Area 1 (Fig. 3). A crushing basin (diam. 2 m) with raised edges was exposed. It was part of a rock-cut oil press. A channel (L102; width 1 m, depth 0.6 m; Fig. 4) was hewn around it, and a square recess (L103)—in its center.
 Area 2 (Figs. 5, 6) yielded a winepress with a square treading floor (L104), which was mostly rock-hewn and partly built. Two well-dressed building stones were preserved in situ in its northern wall. A collecting vat (L108; depth 1.3 m) with rock-cut niches in its northern and eastern walls (Fig. 7) was hewn east of the treading floor. Leveled bedrock surfaces lay to the east and south of the winepress.
 Area 3 (Fig. 8). Two partially hewn pits (Fig. 9) were uncovered in the eastern part of the area. Both were treated with a single layer of pinkish white plaster. The southern pit (L111) was elliptical; its upper part was built, but its edge broke when the bedrock was exposed. The northern pit (L116) was square; only its uppermost part was built. A round depression (Fig. 10) was discovered in the pavement in the northwestern corner of the pit. A partition (W8) built of dressed stones separated the pits; on the bedrock surface east of the pits were traces of cement and architectural remains indicative of a wall (W9; Figs. 11, 12). The function of the pits could not be ascertained, but they were likely part of an installation that made use of liquids.

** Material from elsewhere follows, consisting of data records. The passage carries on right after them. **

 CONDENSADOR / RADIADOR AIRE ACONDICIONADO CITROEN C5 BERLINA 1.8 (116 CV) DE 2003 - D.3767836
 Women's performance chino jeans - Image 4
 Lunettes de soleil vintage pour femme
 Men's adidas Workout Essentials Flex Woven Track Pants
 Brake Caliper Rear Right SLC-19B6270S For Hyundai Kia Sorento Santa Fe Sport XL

A leveled bedrock surface, a square rock cutting and an opening leading into a hewn space, all apparently belonging to a burial complex, were uncovered in the center of the area. The bedrock surface (Fig. 13) was leveled with dressed stones where the natural bedrock was low. The surface was delimited by walls on its east (W7) and north (W6); their remains were visible where the bedrock was quarried (Fig. 14). Just south of the bedrock surface was a rectangular rock cutting (L113), into which three rock-cut steps descend from the east (Fig. 15). The western part of the rock cutting was filled with collapsed, well-dressed building stones, probably from a wall (W3; Fig. 16) that was constructed along the perimeter of the bedrock surface, above the western wall of the rectangular ruck cutting. A rectangular opening was hewn in this wall; only its upper part was exposed, and it led into a cavity that extended southward. It seems that W3, which was well built, rose above the hewn façade; it may have served as a nefesh. A second wall (W2) ran to the west of W3 and parallel to it, but only the rock-cutting’s negative was preserved. It thus seems that that the burial complex included a stepped entranceway, a courtyard and a burial cave. The excavation in this part of the area was halted due to ultra-Orthodox opposition.

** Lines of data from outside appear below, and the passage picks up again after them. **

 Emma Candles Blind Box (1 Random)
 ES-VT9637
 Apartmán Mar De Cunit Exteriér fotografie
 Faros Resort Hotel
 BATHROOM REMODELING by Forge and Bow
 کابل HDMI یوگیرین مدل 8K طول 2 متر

A plaster floor (L109; Fig. 17) was preserved in the southern part of the area. It was founded on a bedding of stones and earth and delimited by three walls (W2 in the west, W3 in the east and W1 in the south), whose outer faces were plastered. Two later walls (W4, W5) were discerned above W1 and the plaster floor.
It is unclear if the remains in the three parts of the area were associated: the plastered installation in the east, the courtyard and the cave in the center and the remains of a plaster floor in the south.
 Area 4 yielded A cupmark (L115; Figs. 18, 19) hewn in a bedrock outcrop.
 Area 5. The area was cleaned, exposing a hewn square (L105; Fig. 19) and a plastered rock-hewn pit to its east (Fig. 20). The work in this area was not completed.
 Area 6. A courtyard of a burial cave and steps leading into it, which were previously documented (Dagan 2010:248, Site 309.3), were cleared and measured (Fig. 21).
The excavation unearthed agricultural installations, several rock cuttings and a burial complex surrounded by walls. The remains could not be attribute to any particular period, as no datable finds were discovered.